February 6

What was advertised in a colonial American newspaper 250 years ago today?

Providence Gazette (February 6, 1773).

Advertisements omitted will be in our next.”

John Carter, the printer of the Providence Gazette, did not publish many advertisements in the February 6, 1773, edition of his newspaper, despite usually reserving a page or more for that kind of content.  The third page featured six brief advertisements that accounted for less than half a column and a longer notice about the benefits of “building a Bridge, across Seaconk River, between the Towns of Providence and Rehoboth.”  Having published many advertisements for his own projects, including the New-England Almanack for 1773 and subscription proposals for English Liberties, or, The Free-born Subject’s Inheritance, in recent issues, the printer did not include any of his own notices among the half dozen that made it into the February 6 edition.  He likely did not want to upset paying customers by giving space to his own advertisements over those they paid him to publish.  A short note appeared after those advertisements that did appear: “Advertisements omitted will be in our next.”  Carter alerted readers to additional content while also assuring advertisers that the newspaper would indeed disseminate their notices in the near future.

The note about the advertisements was one of several that gave directions and helped readers navigate that issue of the Providence Gazette.  Carter devoted most of the issue to a response to a speech that Thomas Hutchinson, governor of Massachusetts, recently delivered.  That response occupied the entire first page.  A note at the bottom of the third column instructed readers to “[See the Fourth Page.]”  The response filled most of that page.  Carter inserted another response, the one that spurred Isaiah Thomas to publish an extraordinary issue of the Massachusetts Spy on January 29, midway through the third column.  At the bottom, another note directed readers to “[See the Second Page.]”  That response filled the entire second page and continued onto the third page, but readers did not need additional directions to follow the flow.  That item did not conclude on the third page.  Instead, Carter inserted a note, “[The Remainder in our next.],” and provided brief news updates from New York, Newport, and Providence as well as the public service announcement about the proposed bridge and the six brief advertisements.  Carter provided a substantial amount of news from Massachusetts, but also created a cliffhanger to encourage readers to peruse the next issue.

What explained the strange format and all the jumping from page to page required to make sense of the content in that edition of the Providence Gazette?  Carter, like other printers, published a newspaper that consisted of four pages, created by printing two pages on each side of a broadsheet and then folding it in half.  Printers usually set the type and printed the first and fourth pages on one side, let the ink dry while they set the type for the second and third pages, and then printed those last two pages.  That process explains why the news began on the first page, continued on fourth page, moved back to the second page, and continued once again on the third page.  It also explains why so many notes giving directions to readers appeared in that issue of the Providence Gazette.
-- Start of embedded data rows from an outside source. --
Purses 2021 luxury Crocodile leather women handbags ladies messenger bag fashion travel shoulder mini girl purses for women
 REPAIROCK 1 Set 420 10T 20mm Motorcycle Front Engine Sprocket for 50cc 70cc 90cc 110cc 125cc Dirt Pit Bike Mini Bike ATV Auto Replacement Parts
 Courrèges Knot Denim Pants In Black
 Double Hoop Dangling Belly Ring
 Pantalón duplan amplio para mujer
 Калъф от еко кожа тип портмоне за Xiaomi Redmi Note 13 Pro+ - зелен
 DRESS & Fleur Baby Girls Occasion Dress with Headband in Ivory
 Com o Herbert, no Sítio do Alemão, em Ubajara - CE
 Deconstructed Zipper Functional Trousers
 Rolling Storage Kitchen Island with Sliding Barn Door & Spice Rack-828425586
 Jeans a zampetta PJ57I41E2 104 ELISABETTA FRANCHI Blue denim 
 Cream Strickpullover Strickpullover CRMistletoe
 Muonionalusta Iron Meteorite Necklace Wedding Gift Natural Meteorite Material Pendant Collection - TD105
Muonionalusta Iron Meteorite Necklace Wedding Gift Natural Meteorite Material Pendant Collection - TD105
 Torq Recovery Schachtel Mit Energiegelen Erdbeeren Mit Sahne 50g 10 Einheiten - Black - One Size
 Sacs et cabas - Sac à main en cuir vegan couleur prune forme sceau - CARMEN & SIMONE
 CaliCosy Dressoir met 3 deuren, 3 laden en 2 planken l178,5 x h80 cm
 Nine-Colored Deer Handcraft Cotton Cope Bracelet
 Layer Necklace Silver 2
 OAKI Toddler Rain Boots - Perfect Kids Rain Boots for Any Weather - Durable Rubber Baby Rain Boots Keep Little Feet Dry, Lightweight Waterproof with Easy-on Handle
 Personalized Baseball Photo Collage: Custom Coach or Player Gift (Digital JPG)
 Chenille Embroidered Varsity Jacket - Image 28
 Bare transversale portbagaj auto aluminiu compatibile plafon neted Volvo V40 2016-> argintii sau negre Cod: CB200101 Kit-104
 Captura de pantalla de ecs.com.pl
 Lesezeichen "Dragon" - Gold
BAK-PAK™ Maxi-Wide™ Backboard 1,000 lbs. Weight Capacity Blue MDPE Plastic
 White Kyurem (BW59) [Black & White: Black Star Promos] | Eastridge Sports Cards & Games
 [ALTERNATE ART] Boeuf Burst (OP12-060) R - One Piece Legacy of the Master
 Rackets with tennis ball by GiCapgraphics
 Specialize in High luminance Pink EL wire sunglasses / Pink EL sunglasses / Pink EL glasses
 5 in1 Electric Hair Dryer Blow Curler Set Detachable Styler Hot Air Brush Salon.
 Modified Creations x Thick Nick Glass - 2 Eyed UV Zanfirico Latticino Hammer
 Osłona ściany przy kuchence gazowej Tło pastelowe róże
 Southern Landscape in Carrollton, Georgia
Although printers depended on advertising revenue to make newspapers viable, they sometimes opted to temporarily delay publication of some notices.  Such was the case when Carter received news that he considered important enough to displace most advertisements for a week.  Patriots in Massachusetts making their case in favor of the liberties of colonizers in opposition to the abuses of Parliament, Carter concluded, justified delaying publication of some advertisements by a week.